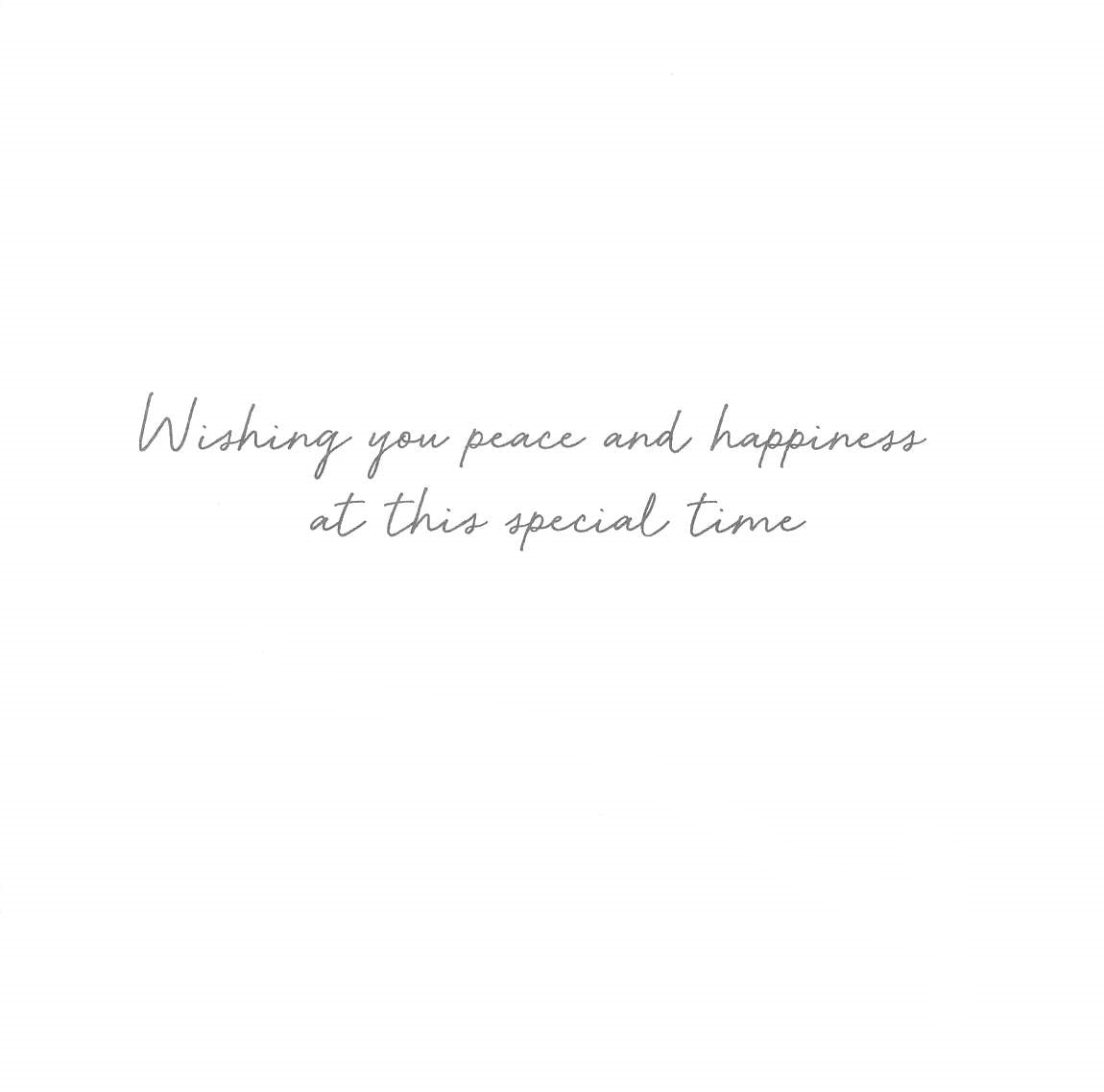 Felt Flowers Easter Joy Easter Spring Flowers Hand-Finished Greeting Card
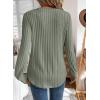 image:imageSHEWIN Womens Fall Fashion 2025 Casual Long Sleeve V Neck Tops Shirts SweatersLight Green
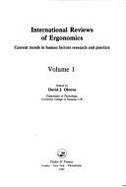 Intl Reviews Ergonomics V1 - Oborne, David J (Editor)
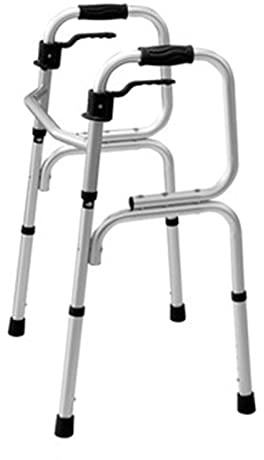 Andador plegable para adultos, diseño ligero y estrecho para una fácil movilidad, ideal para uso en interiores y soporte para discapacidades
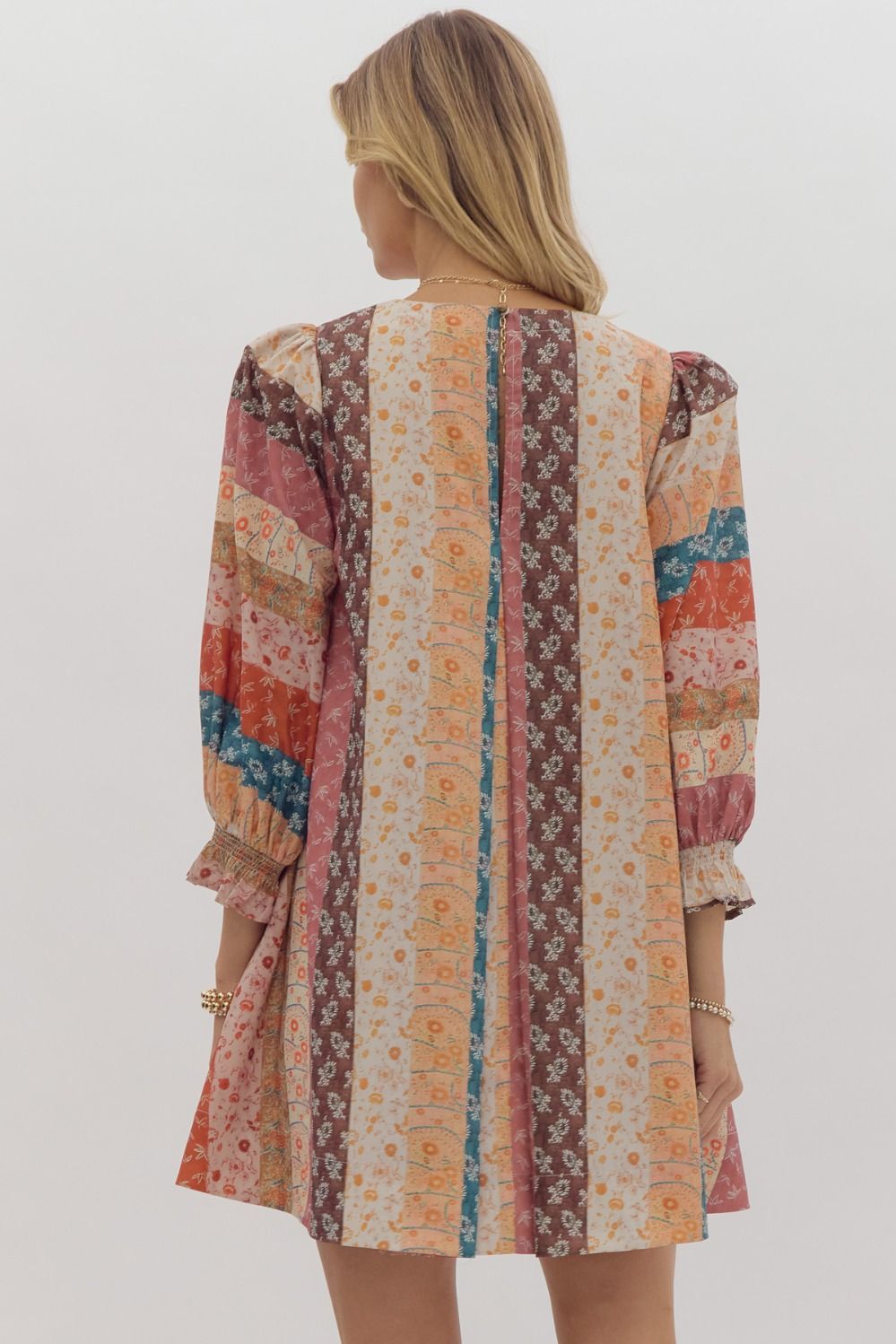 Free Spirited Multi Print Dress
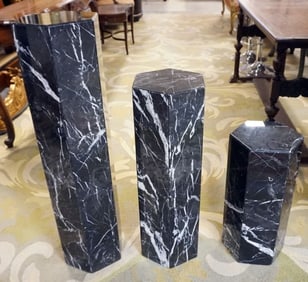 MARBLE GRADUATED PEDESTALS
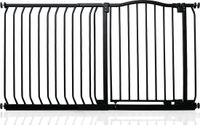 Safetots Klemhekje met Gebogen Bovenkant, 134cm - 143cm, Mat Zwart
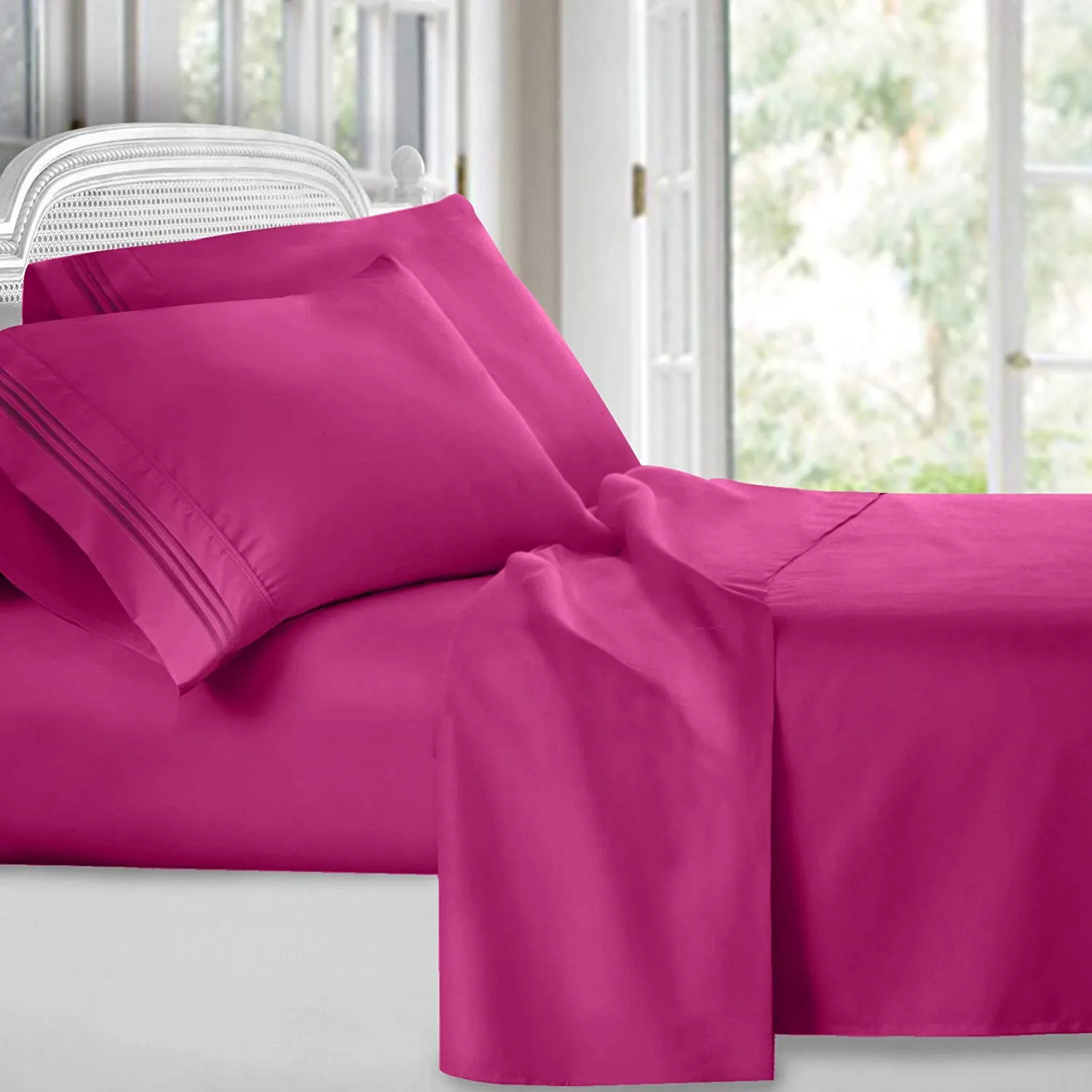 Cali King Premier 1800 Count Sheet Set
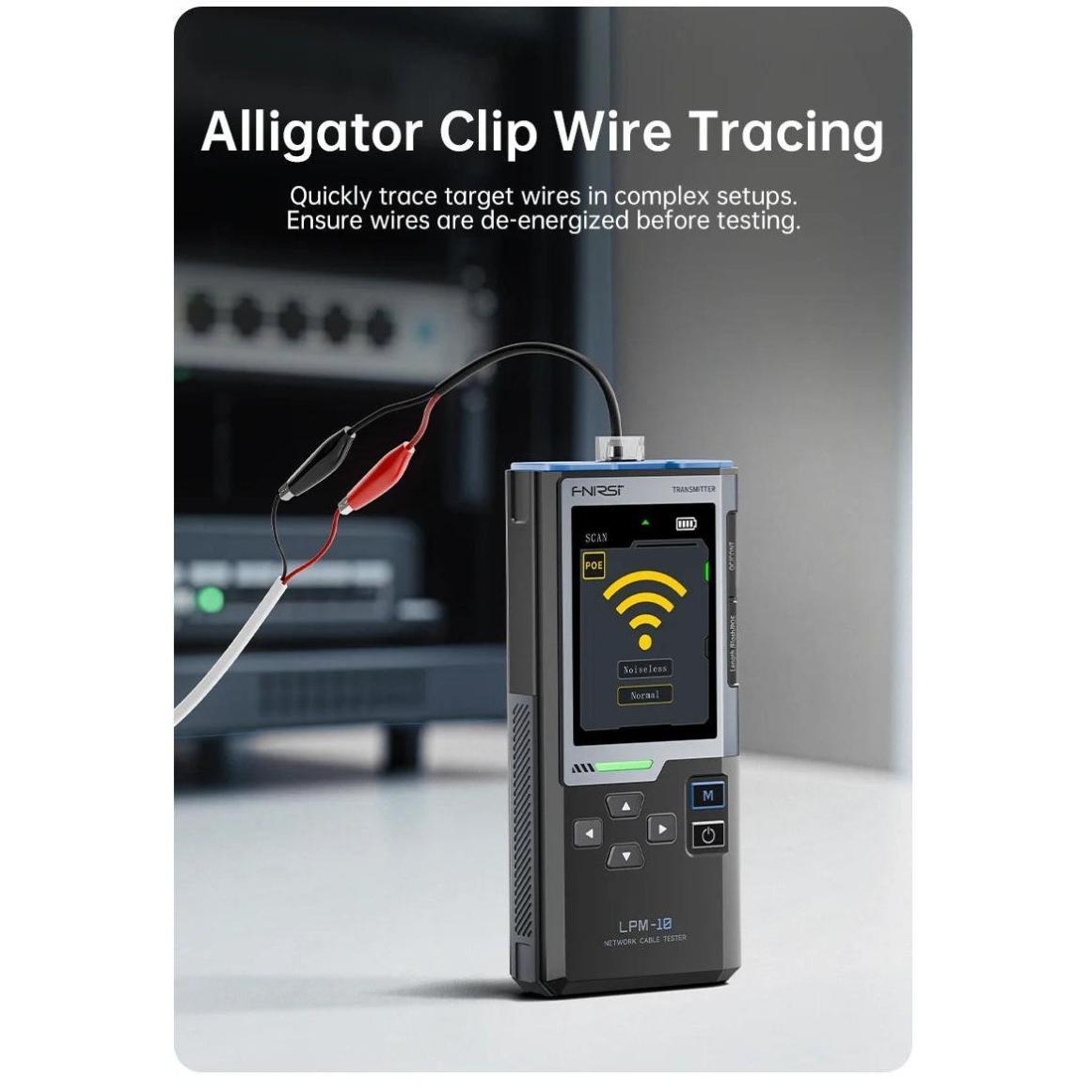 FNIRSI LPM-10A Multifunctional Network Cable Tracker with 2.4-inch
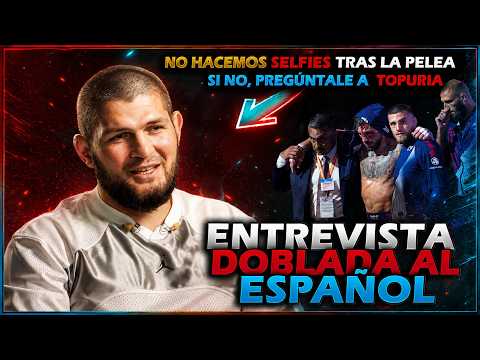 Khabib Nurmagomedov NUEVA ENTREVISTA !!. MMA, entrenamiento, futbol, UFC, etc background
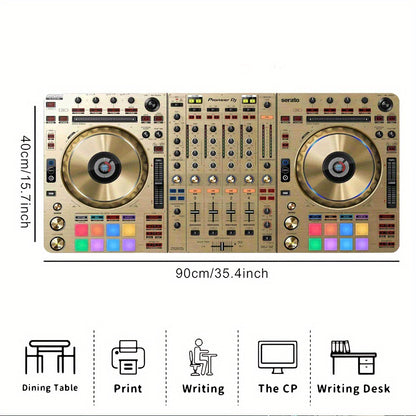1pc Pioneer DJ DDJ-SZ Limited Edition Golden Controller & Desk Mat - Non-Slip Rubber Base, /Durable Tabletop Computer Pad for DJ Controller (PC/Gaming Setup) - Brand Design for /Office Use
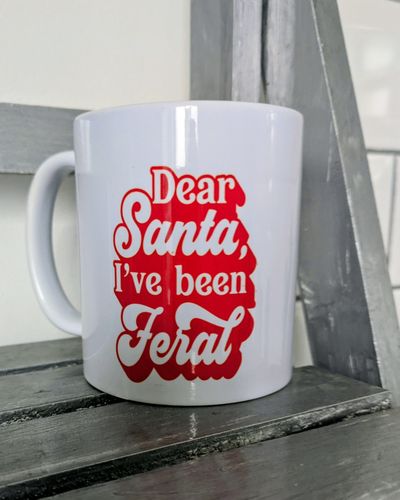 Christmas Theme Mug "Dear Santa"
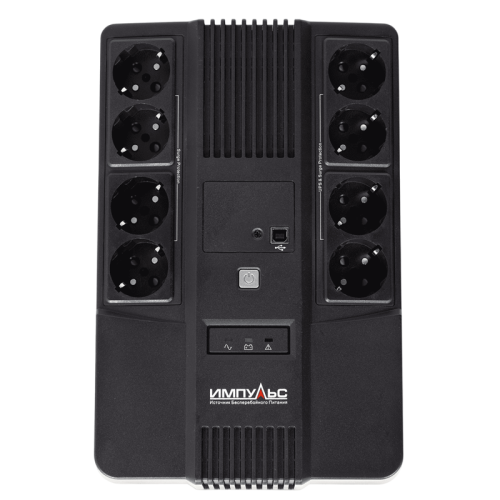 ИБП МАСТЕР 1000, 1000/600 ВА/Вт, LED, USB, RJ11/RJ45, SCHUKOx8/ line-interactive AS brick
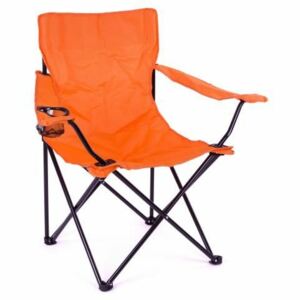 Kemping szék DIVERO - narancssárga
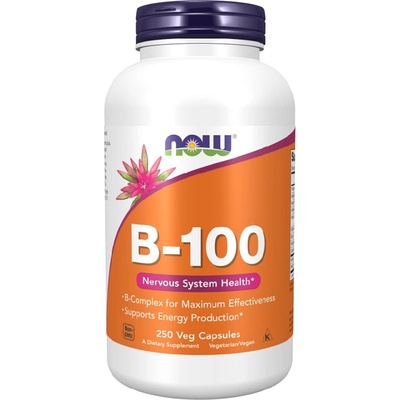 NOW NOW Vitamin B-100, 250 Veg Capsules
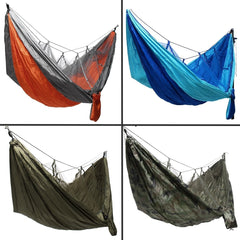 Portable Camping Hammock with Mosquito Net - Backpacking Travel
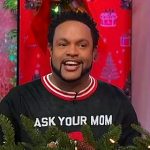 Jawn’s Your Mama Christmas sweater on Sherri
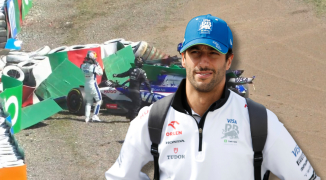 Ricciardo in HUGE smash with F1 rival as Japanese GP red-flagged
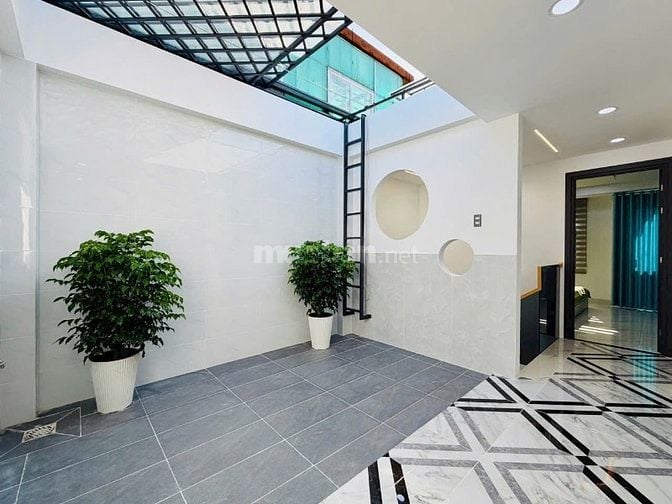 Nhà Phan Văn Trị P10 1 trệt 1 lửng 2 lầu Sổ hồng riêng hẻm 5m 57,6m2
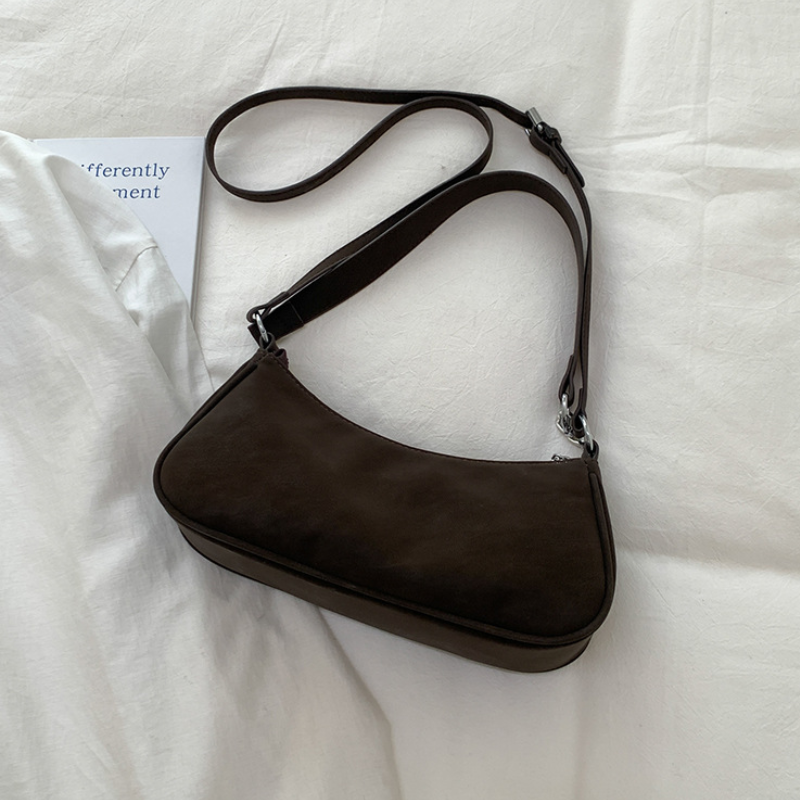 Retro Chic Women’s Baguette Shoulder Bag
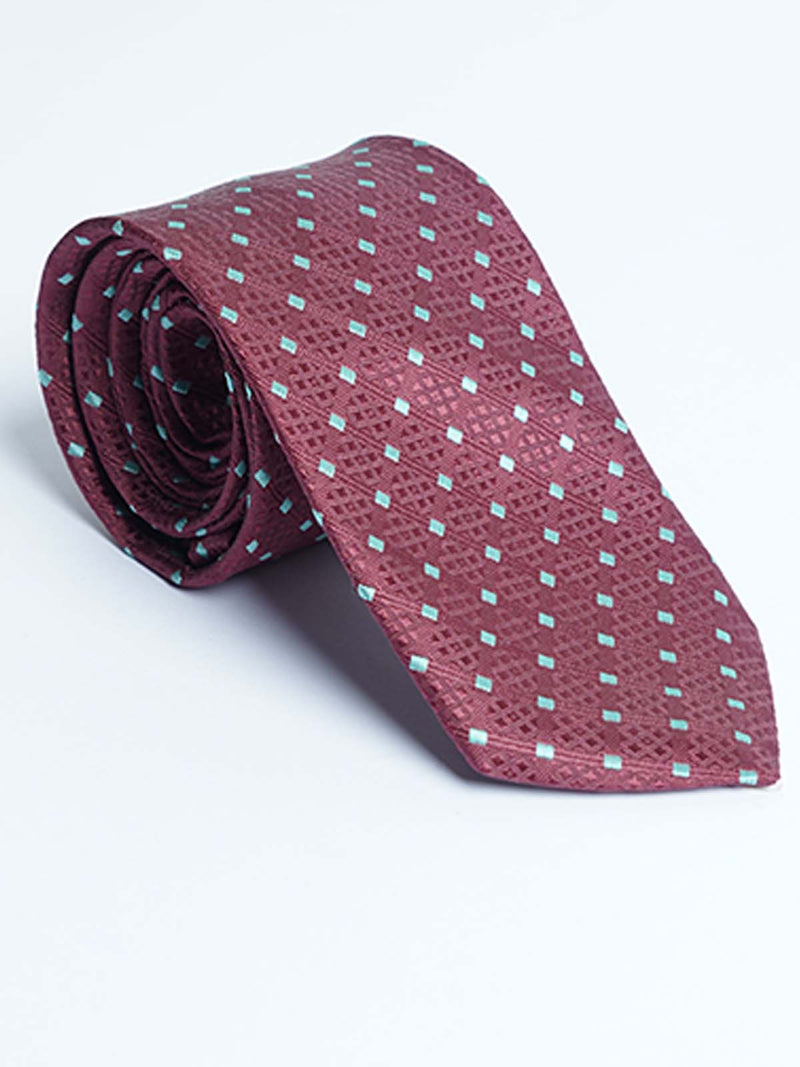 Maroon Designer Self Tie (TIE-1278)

..............................

Exercise brief
The lines from the one containing "ИБП МАСТЕР 1000, 1000/600" to the last line of the records, both included: print exactly those and nothing else, leaving out any pictures.

Exercise result
 ИБП МАСТЕР 1000, 1000/600 ВА/Вт, LED, USB, RJ11/RJ45, SCHUKOx8/ line-interactive AS brick
 Kemping szék DIVERO - narancssárga
 NOW NOW Vitamin B-100, 250 Veg Capsules
 Portable Camping Hammock with Mosquito Net - Backpacking Travel
 Jawn’s Your Mama Christmas sweater on Sherri
 Ricciardo in HUGE smash with F1 rival as Japanese GP red-flagged
 Nhà Phan Văn Trị P10 1 trệt 1 lửng 2 lầu Sổ hồng riêng hẻm 5m 57,6m2
 Retro Chic Women’s Baguette Shoulder Bag
 Maroon Designer Self Tie (TIE-1278)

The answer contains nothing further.